Emploi: Les faillites explosent dans le petit commerce

Les faillites de FagorBrandt, Gad, de Caddie, ou encore Mory Ducros, mobilisent l'attention des médias, les déboires de ces entreprises emblématiques sont l’arbre qui cachent la forêt.

63 101 défaillances d'entreprises en 2013

L'année 2013 a totalisé 63 101 défaillances d'entreprises, en hausse de 3% par rapport à 2012, et a frisé le niveau record de 2009 où 63.700 entreprises avaient mis la clé sous la porte. Le nombre d'emplois détruits par ces faillites d'entreprises a dépassé le niveau de 2009 avec plus de 269.000 emplois détruits.

Cette tendance se poursuit, puis qu'en juin 2014, le nombre de faillites — calculé sur l'année glissante — a encore augmenté de 1,8%. Dans le commerce et la réparation automobile plus de 14.000 entreprises ont mis la clé sous la porte ces douze derniers mois.

Les très petites entreprises (TPE) sont les plus touchées par ce fléau puisque davantage de petites sociétés employant un ou deux salariés ont fait faillite en 2013 par rapport à 2009, et cela continue.
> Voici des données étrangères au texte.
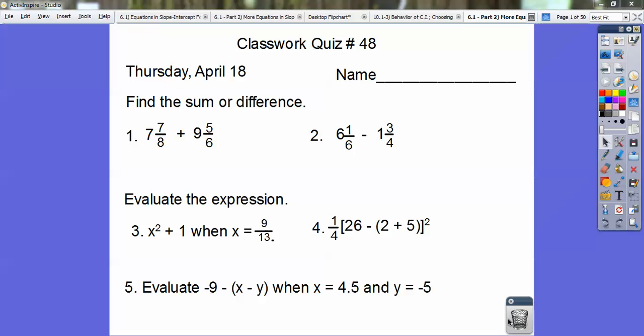Hi, everybody. This is Otis T. Campbell, and I am honored to be a part of your learning process here. Here's classwork quiz number 48. So let's pause this so you guys can write this down and take care of your classwork quiz number 48.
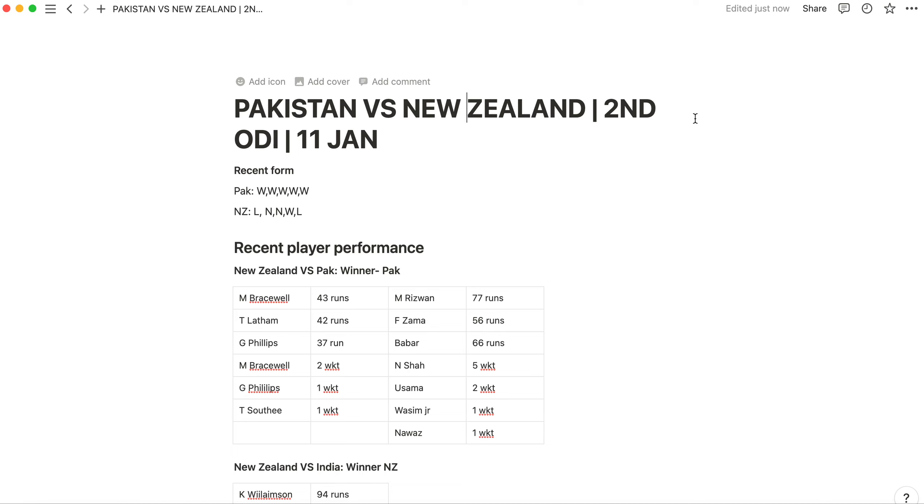Hello everyone, I am Adit and this is a new play analytics video. Today we are going to talk about the second ODI match between Pakistan and New Zealand which will be played on 11th January.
Le commerce de proximité et la restauration dans l'œil du cyclone

Parmi les petites structures, le petit commerce — alimentation générale, activités de bricolage, vêtement et équipements du foyer — a été terrassés en 2013 avec plus de 8500 fermetures de magasins, un niveau jamais enregistré. L’idée d'ouvrir son magasin "pour s’en tirer", lorsqu’on est un salarié menacé de licenciement, et se battre pour obtenir une prime supralégale plutôt que de défendre son emploi, est donc une très mauvaise idée, une illusion, voire un piège fatal !
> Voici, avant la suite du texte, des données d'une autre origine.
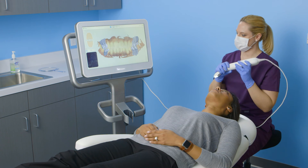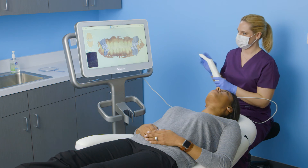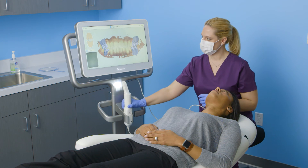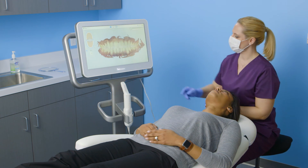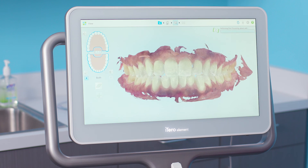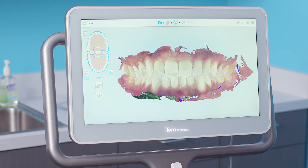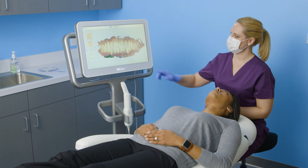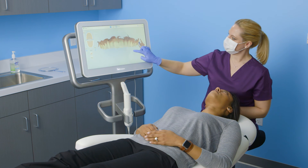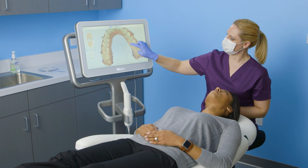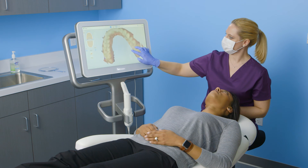Once I've completed the two arches and bite, I'll tap on the view icon at the top of the touch screen display to view my digital model in high resolution. This is a good time to evaluate my model to ensure I've included all the necessary anatomy. At this point, I can add additional scans by going back to scanning mode, or wait for the high resolution model to be ready.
En 2013 les services à la personne ont également connu une année noire, tout comme la restauration. Avec 5700 dépôts de bilan l'an passé, la restauration traditionnelle paie le plus lourd tribut, et concentre les deux tiers des procédures, même si la restauration rapide a tiré son épingle du jeu.

La tendance de 2013 se confirme en 2014 !
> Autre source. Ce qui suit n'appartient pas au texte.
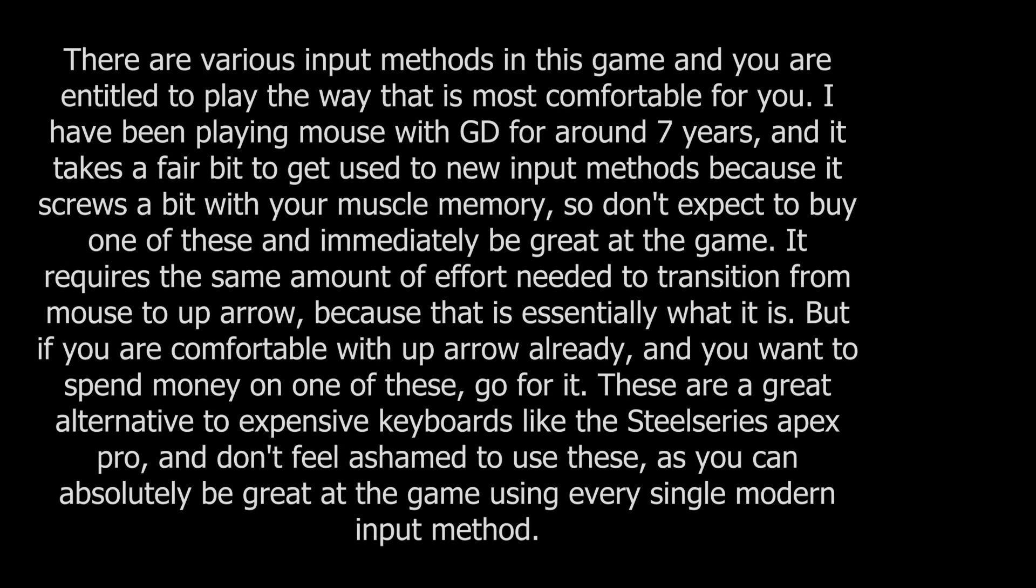Let me preface this video with something before I actually get into the details. There are various input methods in this game and you are entitled to play the way that is most comfortable for you.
Deux secteurs ont connu une forte hausse des défaillances sur un an (de juin 2013 à juin 2014): l'agriculture et la pêche (+7,3%), et les activités financières et d'assurances (+14,3%). Mais, en masse, les faillites frappent surtout le commerce et la réparation automobile, aiunsi que la construction. 

Les commerces de proximité subissent de plein fouet la panne de la consommation des ménages. Or la consommation est le moteur essentiel de la croissance en France, contribuant pour environ 55% au PIB. Or, les ménages voient baisser du pouvoir d'achat, à cause de la stagnation des salaires, une précarité et un niveau de chômage élevé, les amenant réduire leur consommation.

Baisser les impôts pour les faibles revenus — après, tout de même, l'avoir augmenté l'an dernier, et avoir augmenté la TVA en janvier 2014 — si cela peut donner une légère, toute petite, bouffée d'oxygène aux ménages les plus pauvres, n'aura que peu d'effets sur l'activité économique, car cette clioentèle est déjà perdue pour le petit commerce: elle va prioritairement dans les grandes enseignes low-cost. La baisse du pouvoir d'achat des salaires moyens et supérieurs, le blocage des salaires des fonctionnaires depuis 2010, et l'absence de revalorisation des pensions, vident la clientèle des petits commerces. Ce qu'il faut c'est augmenter les salaires et les pensions ! Tous les salaires !

Comme ne cesse de le dire la CGT, l’austérité est une catastrophe : si l’on veut relancer l’activité économique et l’emploi, il est plus qu'urgent d'augmenter les salaires.